Yıllardır emin olamadığım konu hakkında son günlerde tamamen net oldum. Tanrı olgusunu insan yaratmıştır. Bu konuda tamamen kesinim.

5 Beğeni

Yargıda temel sorun standartın olmaması. Yargı mensupları maalesef evrensel hukuk nosyonundan uzak, çoğu zaman terfi-puan kaygısıyla geliştirilen bir pratik üzerinden karar veriyor. Ülkemizde oturup hukuk kültürü tartışabileceğiniz, dahası sosyal bilimlerin geneline hakim, edebiyattan ve felsefeden anlayan yargı mensubu da bütünün içinde eser sayıdadır. Bu sadece hakim ve savcılar için değil, avukatlar için de geçerli.

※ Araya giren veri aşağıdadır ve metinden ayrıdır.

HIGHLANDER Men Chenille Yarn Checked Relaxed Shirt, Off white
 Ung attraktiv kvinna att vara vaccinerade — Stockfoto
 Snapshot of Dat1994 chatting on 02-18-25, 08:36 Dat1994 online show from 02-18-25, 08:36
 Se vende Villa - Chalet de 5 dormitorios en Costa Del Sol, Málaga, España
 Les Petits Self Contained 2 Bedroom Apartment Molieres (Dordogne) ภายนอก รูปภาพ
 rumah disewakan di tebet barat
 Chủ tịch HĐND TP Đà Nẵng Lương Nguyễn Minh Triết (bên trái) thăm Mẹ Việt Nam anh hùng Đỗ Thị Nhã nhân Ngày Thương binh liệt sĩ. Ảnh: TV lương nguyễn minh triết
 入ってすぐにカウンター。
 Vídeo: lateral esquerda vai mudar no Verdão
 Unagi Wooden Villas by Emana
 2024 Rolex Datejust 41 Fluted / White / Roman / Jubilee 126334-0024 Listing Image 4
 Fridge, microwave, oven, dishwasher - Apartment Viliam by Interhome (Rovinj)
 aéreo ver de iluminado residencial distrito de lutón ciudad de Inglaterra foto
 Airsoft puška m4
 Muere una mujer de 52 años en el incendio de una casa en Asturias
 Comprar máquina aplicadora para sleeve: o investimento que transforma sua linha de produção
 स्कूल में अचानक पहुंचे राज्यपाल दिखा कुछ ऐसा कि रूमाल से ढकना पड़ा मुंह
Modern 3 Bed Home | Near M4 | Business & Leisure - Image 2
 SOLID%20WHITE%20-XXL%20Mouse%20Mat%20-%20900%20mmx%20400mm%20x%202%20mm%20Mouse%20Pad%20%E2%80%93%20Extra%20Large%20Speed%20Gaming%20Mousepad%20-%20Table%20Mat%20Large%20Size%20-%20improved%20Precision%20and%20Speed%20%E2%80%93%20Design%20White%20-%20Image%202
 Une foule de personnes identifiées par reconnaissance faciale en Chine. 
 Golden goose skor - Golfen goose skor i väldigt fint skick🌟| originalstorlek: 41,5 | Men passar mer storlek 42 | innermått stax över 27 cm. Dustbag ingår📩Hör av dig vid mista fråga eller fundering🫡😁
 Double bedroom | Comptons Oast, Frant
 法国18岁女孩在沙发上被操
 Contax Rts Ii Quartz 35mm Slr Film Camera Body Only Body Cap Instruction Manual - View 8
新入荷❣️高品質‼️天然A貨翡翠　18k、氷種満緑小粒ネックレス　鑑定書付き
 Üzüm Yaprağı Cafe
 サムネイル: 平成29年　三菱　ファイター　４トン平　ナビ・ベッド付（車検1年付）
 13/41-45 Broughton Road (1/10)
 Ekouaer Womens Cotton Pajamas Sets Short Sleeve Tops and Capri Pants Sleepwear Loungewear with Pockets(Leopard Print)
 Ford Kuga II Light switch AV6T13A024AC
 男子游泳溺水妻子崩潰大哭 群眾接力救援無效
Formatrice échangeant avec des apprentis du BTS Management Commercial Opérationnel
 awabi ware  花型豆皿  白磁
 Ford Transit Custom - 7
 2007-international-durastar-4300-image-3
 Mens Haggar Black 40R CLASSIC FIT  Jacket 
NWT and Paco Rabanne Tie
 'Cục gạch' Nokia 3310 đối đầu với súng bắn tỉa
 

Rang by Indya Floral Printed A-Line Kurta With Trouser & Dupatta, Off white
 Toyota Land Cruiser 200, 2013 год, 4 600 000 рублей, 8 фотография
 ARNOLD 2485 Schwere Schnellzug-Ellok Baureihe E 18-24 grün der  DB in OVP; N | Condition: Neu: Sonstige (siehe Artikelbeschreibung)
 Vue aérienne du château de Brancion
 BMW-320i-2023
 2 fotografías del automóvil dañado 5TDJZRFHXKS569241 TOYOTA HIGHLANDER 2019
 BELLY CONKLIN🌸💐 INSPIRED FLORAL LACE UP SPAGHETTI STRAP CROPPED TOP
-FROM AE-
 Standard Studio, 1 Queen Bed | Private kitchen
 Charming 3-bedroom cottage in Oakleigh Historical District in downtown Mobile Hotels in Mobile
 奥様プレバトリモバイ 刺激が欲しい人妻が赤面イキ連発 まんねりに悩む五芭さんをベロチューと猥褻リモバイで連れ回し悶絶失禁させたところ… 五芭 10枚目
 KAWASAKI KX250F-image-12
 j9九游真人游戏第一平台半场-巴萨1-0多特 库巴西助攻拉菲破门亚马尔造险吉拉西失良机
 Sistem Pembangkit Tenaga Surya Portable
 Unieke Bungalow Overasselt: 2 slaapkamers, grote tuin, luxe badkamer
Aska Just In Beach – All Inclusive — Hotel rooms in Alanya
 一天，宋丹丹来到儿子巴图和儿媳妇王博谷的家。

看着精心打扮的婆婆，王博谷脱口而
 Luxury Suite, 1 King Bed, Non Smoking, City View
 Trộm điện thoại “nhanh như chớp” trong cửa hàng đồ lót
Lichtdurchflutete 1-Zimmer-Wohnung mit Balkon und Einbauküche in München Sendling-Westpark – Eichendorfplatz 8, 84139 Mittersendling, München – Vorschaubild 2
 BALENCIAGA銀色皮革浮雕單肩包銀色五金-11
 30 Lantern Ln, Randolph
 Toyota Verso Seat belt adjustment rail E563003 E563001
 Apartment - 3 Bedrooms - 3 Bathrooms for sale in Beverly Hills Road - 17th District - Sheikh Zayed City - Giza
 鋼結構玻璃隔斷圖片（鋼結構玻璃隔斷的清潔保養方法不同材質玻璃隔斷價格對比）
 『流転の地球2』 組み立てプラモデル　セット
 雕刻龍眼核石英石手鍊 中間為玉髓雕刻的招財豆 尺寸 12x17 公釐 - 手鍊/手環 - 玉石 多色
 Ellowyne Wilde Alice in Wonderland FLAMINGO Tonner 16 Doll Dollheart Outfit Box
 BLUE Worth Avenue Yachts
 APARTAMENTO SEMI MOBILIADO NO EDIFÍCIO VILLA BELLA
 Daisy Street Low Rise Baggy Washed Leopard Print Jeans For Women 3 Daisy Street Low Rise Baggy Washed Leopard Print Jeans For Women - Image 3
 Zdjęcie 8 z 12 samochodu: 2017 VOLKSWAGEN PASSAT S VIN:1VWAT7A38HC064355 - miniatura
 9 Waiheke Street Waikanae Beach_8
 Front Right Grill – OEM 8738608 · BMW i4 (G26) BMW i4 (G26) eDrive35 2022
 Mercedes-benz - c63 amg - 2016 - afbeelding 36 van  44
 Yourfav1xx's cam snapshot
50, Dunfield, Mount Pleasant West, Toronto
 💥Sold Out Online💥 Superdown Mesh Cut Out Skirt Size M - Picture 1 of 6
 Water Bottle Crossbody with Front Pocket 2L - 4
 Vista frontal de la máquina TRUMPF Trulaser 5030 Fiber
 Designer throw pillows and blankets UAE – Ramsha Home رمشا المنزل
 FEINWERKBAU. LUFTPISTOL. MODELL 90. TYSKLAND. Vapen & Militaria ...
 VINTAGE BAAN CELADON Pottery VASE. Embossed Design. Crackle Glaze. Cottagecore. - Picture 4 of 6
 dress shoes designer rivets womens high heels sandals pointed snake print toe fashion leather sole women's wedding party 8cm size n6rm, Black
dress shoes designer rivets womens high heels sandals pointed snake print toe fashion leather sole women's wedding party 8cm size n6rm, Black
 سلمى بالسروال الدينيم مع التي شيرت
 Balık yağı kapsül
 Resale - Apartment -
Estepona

Geçmişte entelektüel bir uğraş olarak görülen avukatlık artık meslekten işe evriliyor ve her türlü entelektüelitesini kaybediyor. Ceza yargılanmasındaki peşin ceza mantığı yasayla değişmez. Şu anki yasaya bakarsanız tutuklamanın çok istisnai olması geeekir. Yasanın lafzından bu sonuç çıkıyor ama yasalar değişiyor, uygulama değişmiyor. Dahası verilen karar denetimden uzak. Her türlü yargı kararının gerekçeli olacağına dair anayasal güvence anayasa kitabının yapraklarında kalıyor. Yargıda süreç çok uzun olduğu müddetçe tedbir niteliğindeki tutuklama pratiğini tartışmak pek mümkün değil. Yargının kalitesini artırmak için de hukuk eğitiminden başlayarak ciddi bir revizyona gitmek gerekiyor. Ne kadar kızsak da bu düzende bu kadar iş çıkması bile mucize. Gerçek bu…

4 Beğeni

Kusura bakmayın parantezi köşeli parantez haline getirmek istiyorum; öğretmenler, doktorlar, esnaf vb. Bu paranteze dahil edilebilir.

2 Beğeni

Tartışma yargı bağlamında olduğu için yargı çevresini kattım tespite. Yoksa insanımızın geneli için bu tespit yapılabilir tabii. Entelektüel kabul edilecek mesleklerle uğraşanların asgari entelektüeliteye sahip olması beklenir ama bu beklenti en az 2 kuşak öncesinde kaldı galiba. En son Cin Ali okumakla övünen ve ağır ceza avukatı olarak piyasa yapan avukat arkadaşım var misal, çok mutlu. Benim kazancımın 3-4 katı kazanıyordur, kafası da daha az yorulduğu için olsa gerek, herdaim mutlu.